**Task details:** Copy all lines in the data that contain the string "Street".

[Data excerpts]

- Opening Delimiter -

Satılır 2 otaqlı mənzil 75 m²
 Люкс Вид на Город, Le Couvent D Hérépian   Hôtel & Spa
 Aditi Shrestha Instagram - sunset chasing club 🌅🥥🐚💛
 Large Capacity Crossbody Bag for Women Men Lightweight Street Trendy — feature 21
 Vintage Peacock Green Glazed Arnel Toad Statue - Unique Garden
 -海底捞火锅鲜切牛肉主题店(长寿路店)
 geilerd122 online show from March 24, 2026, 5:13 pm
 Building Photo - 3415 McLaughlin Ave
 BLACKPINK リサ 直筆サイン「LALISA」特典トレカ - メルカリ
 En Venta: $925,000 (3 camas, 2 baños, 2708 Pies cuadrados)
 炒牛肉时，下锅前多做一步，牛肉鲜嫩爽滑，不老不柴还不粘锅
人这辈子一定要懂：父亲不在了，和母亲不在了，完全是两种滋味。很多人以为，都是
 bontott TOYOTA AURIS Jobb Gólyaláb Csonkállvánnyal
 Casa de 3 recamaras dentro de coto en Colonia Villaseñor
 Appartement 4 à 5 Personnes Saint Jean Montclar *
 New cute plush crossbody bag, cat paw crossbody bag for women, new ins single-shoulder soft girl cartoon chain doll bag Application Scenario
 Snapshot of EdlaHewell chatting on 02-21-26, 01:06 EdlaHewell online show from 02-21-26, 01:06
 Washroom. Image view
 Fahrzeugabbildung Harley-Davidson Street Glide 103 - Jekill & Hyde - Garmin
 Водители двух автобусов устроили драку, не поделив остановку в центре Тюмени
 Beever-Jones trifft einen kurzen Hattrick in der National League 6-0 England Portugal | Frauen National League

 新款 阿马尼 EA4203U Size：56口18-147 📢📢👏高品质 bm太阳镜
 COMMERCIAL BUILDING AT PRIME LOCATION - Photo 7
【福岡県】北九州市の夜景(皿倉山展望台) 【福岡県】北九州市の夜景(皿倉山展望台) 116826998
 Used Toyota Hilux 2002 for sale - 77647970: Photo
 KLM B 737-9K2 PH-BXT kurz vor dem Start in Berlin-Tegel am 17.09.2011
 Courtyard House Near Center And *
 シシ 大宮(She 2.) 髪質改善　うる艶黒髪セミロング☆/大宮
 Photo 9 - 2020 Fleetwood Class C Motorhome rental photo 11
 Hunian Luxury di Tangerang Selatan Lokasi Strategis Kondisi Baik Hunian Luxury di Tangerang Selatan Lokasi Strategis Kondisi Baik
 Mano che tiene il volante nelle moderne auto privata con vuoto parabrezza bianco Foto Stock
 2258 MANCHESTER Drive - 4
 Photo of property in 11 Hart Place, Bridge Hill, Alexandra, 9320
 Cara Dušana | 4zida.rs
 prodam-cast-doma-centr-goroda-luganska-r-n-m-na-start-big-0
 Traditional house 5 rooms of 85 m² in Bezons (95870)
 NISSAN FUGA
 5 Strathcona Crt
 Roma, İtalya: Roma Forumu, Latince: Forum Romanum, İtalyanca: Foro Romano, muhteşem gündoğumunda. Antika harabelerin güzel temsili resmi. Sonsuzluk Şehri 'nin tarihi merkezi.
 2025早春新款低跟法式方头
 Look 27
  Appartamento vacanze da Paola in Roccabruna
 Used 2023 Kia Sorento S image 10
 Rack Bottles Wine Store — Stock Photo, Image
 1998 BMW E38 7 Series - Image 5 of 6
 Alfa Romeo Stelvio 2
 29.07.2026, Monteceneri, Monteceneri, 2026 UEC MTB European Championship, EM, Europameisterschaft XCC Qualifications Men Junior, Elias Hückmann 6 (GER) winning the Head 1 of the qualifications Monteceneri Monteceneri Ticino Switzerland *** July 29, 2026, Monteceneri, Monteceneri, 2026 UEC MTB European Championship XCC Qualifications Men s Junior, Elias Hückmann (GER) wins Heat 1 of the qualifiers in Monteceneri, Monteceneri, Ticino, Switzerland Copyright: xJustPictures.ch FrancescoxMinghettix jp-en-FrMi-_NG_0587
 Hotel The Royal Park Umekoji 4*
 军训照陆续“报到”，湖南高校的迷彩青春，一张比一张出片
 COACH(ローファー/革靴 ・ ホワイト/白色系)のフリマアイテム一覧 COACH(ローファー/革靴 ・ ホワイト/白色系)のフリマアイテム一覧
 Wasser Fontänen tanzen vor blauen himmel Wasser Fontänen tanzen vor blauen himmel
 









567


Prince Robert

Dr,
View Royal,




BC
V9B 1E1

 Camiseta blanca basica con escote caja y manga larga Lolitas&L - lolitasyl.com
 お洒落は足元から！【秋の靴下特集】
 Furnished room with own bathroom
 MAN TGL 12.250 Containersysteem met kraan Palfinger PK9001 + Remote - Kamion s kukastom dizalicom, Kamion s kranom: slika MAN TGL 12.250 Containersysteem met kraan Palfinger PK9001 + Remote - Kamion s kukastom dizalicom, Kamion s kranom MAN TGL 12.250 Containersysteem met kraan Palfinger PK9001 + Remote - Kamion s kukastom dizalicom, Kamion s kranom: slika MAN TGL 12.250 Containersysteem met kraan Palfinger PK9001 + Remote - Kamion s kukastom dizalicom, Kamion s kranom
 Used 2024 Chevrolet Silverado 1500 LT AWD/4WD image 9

- Closing Delimiter -

**Solution to this problem:**
 Large Capacity Crossbody Bag for Women Men Lightweight Street Trendy — feature 21
 Fahrzeugabbildung Harley-Davidson Street Glide 103 - Jekill & Hyde - Garmin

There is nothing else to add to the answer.